5. Je suis de moins en moins nul en séries télé
J’aurai eu besoin de quelques mois de régime télé pour enfin commencer à parler séries avec mes collègues. L’avantage des séries, c’est qu’il y en a pour tous les goûts et que chacune m’apporte quelque chose de différent.
Grâce aux séries policières, je me suis familiarisé avec l’argot policier : dans un polar, la pipa désigne le pistolet, el calabozo fait référence à la prison, los maderos sont les flics. Heureusement pour moi, je n’utilise pas ces mots tous les jours ! Mais je me sens vraiment à l’aise pour comprendre certains films et certaines séries en version originale.
Au fur et à mesure, je commence aussi à m’intéresser aux séries historiques.
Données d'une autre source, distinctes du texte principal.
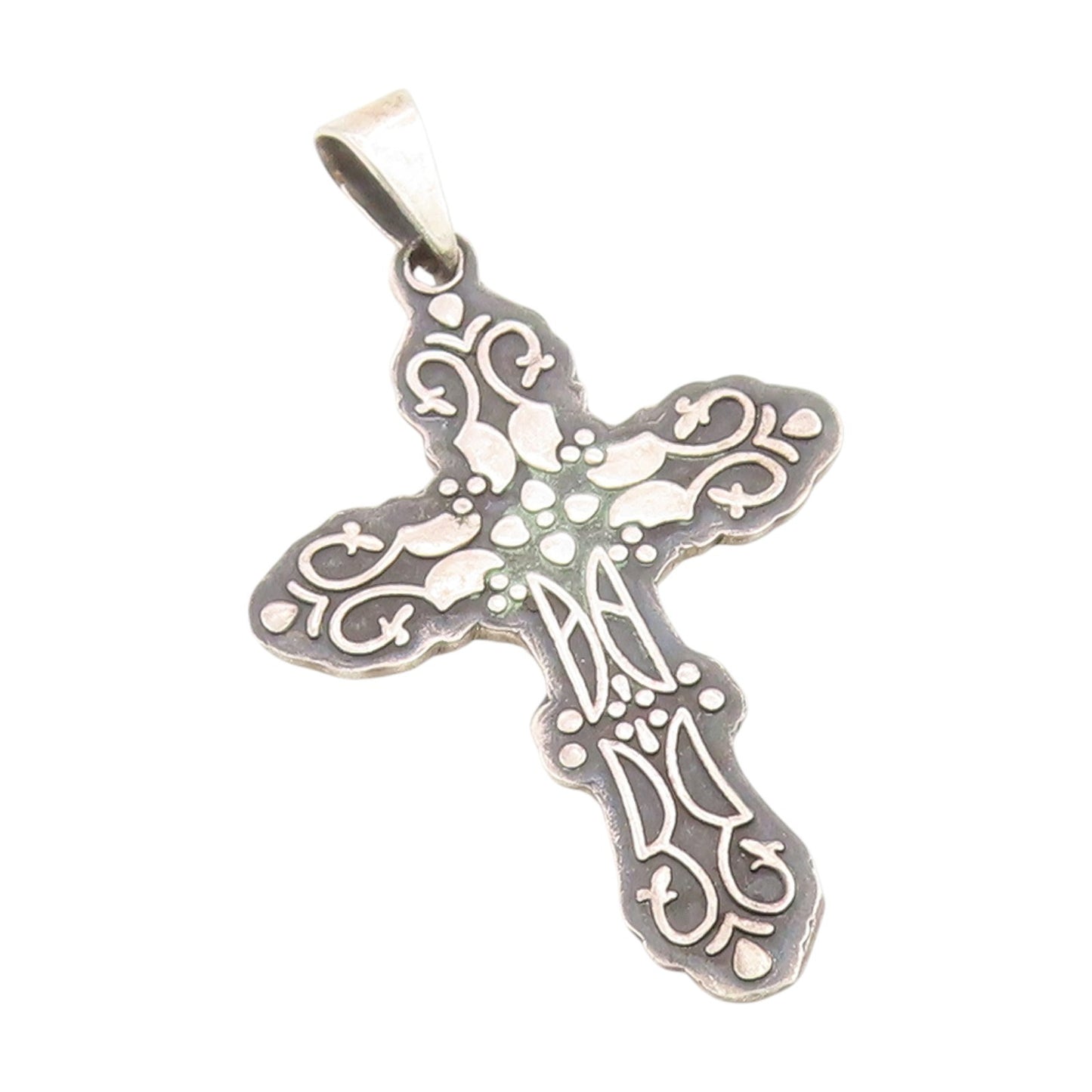 925 Sterling Silver Vintage Pendant MEXICO Engraved Religious Cross  PT25948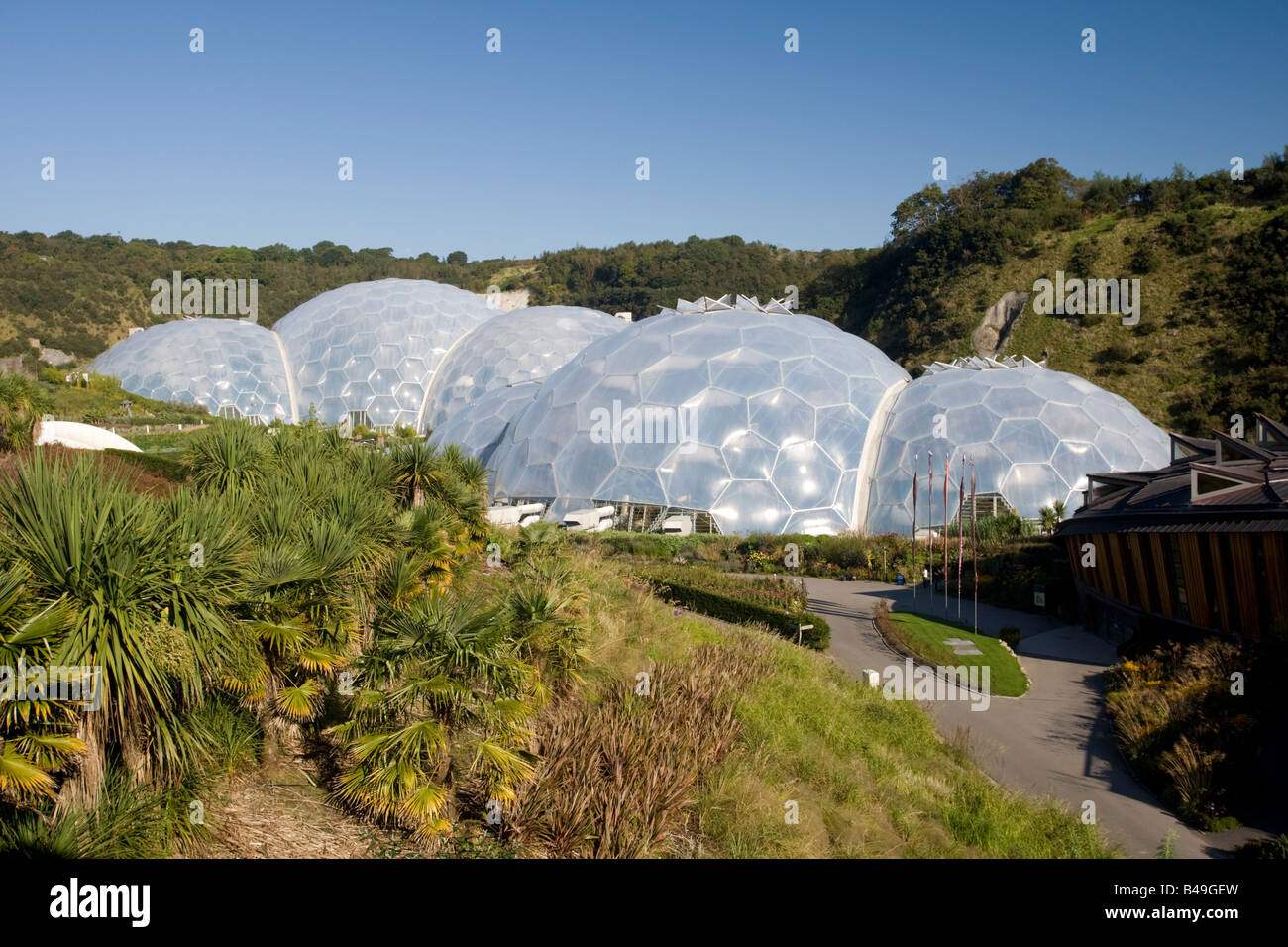 Giant enclosed biomes Eden Project Bodelva St Austell Cornwall UK Stock Photo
Des séries comme Las Chicas del Cable, Isabel ou El Ministerio del tiempo ont connu un grand succès en Espagne et me sont bien utiles pour en savoir plus sur l’histoire de l’Espagne. Rien de tel pour engager une conversation ou papoter un peu !
Après quelques mois de cure télévisuelle, je dois dire que l’expérience est vraiment positive : mon expatriation en Espagne est un succès. J’ai fait des gros progrès sans faire d’énormes efforts, et je peux me fondre dans n’importe quelle discussion. Pour entretenir mon espagnol, j’ai pris de bonnes habitudes : il me suffit de relire les listes de vocabulaire que j’ai déjà appris, à l’instar de ce que propose une application comme Babbel. Et puis en cas de doute, pas de souci : les Espagnols sont toujours prêts à aider quand ils voient qu’un non-natif fait des efforts pour apprendre, et d’autant plus lorsqu’il maîtrise la langue courante, voire familière.